Open questions remain about the spectrum below approximately \(F=n^3/2\).

The results of [4] and [2] deal with fixed dimensions (\(d=2\) and \(d=3\) respectively) and variable order n. In [5] and in [1] the authors (respectively Jha, and Arumugam and Kala) obtain results covering fixed order \(n=2\) and variable dimension d. These results are obtained in the context of graph domination numbers.

If \(G = (V, E)\) is a finite simple connected graph then \(S \subseteq V\) is called a dominating set if every vertex in \(V{\setminus } S\) is adjacent to at least one vertex in S. A dominating set S is called an independent dominating set if no two vertices of S are adjacent.
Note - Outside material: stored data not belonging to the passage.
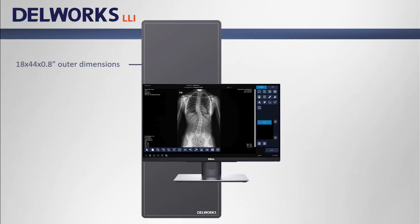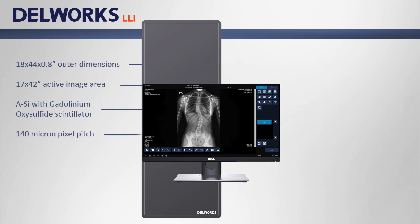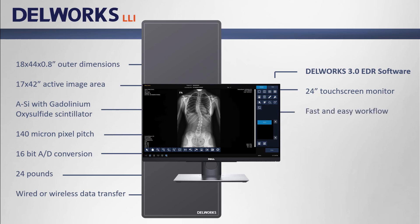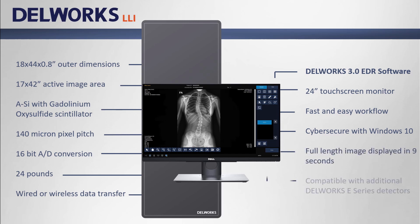DellWorks LLI has an outer dimension of 18 by 44 by 0.8 inches, with an active image area of 17 by 42 inches. The detector is amorphous silicon with gadolinium oxysulfide scintillator, 140 micron pixel pitch, 16-bit AD conversion, and weighs 24 pounds. It's available with both wired or wireless data transfer and is powered by DellWorks 3.0 EDR software. Images are displayed on a 24-inch touchscreen monitor, with fast and easy workflow, cyber security with Windows 10, and full-length images displayed in 9 seconds. DellWorks 3.0 is compatible with additional DellWorks E-Series detectors.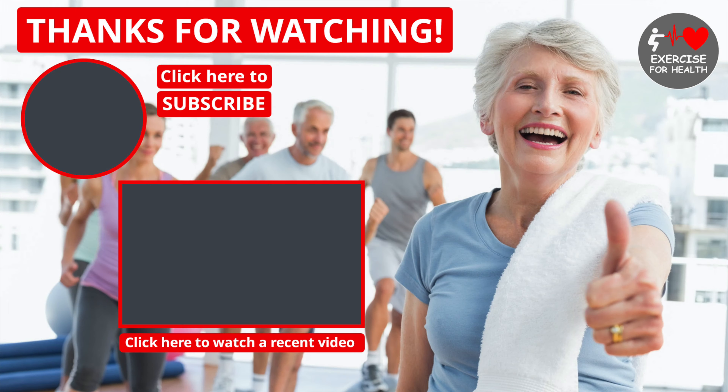Well done, good work everybody — give yourselves a clap because you worked really hard today. I hope you enjoyed your workout today — if so, please give it a like by clicking the thumbs up button below, and share this video with friends to help this channel grow so more people can benefit from it. Remember to stay active, keep moving, and I'll see you next week. If you enjoyed this video, please give it a thumbs up — you can also click here to subscribe or click here to watch a recent video. See you soon.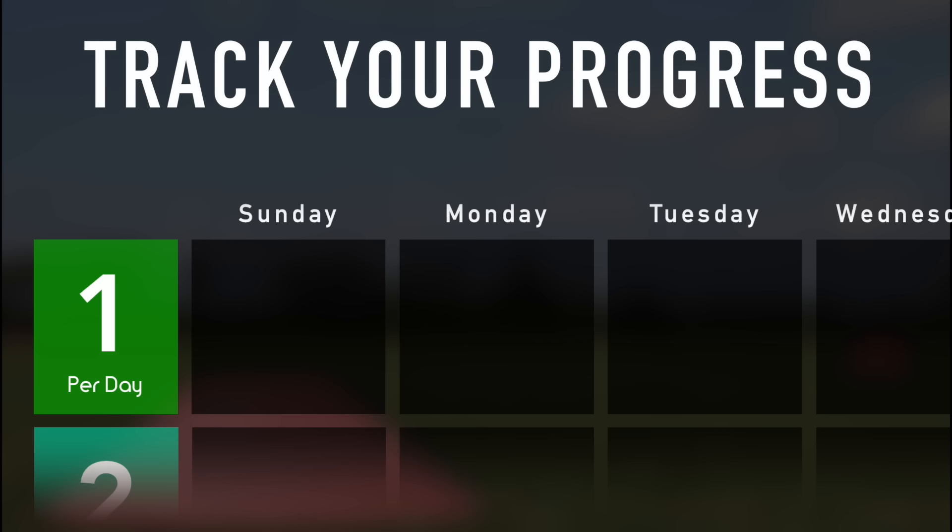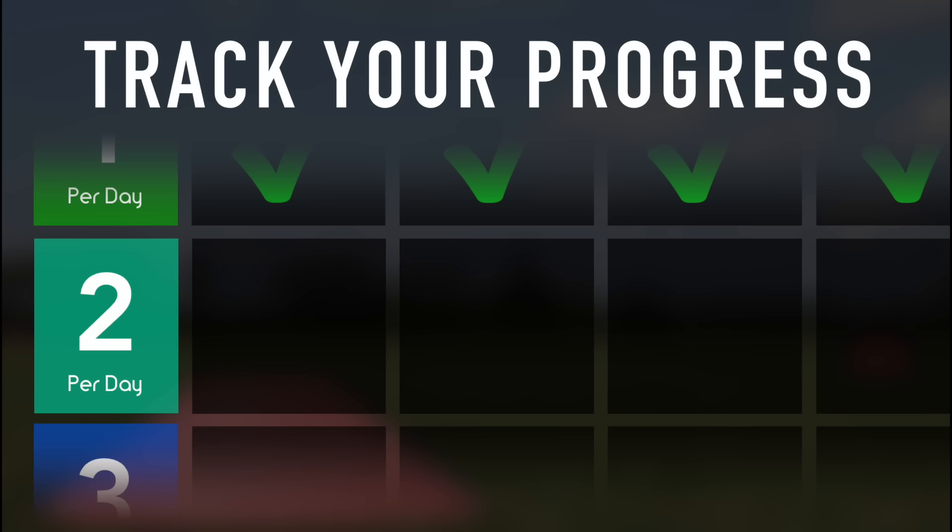Do this exercise in each direction once a day the first week, twice a day the second week, and three times a day for the rest of the month.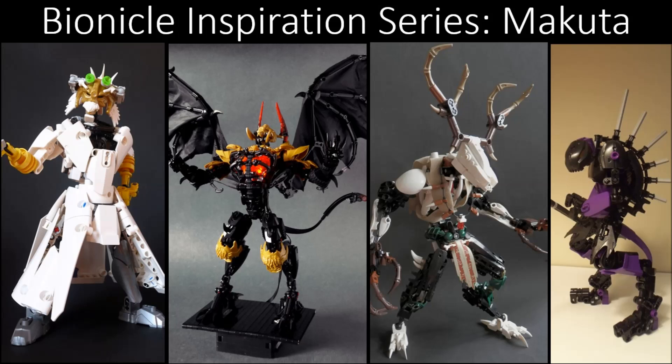Hello and welcome to this evil episode of the Bionicle Inspiration Series. Today we're going to be talking all about Makuta, who are the bad guys of the Bionicle universe. They're pretty cool characters, so we're going to look at what makes a Makuta MOC — what sort of stuff could you put into a Makuta if you want to make one, what sort of stuff should you look for and do. Let's take a look at some examples.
A survey of results on independent dominating sets is given in [3]. The minimum cardinality of an independent dominating set of a graph G is called the independent domination number of G and is denoted by i(G). The d-cube \(Q_d\) is the graph whose vertex set is the set of all d-dimensional boolean vectors, i.e. \(({\mathbb {Z}}_2)^d\), two vertices being joined by an edge if and only if they differ in exactly one coordinate. In [5] the following result is established.

Theorem 2.5

(Jha [5]) For d a positive integer, the independent domination number of the d-cube satisfies the inequalities

$$\begin{aligned} \frac{2^d}{d+1}\le i(Q_d) \le \frac{2^d}{2^{\lfloor \log _2(d+1) \rfloor }}. \end{aligned}$$

In particular, if \(d+1\) is an integer power of 2, i.e. if \(d+1=2^k\) for some integer k, then \(i(Q_d)=2^d/(d+1)=2^{d-k}\).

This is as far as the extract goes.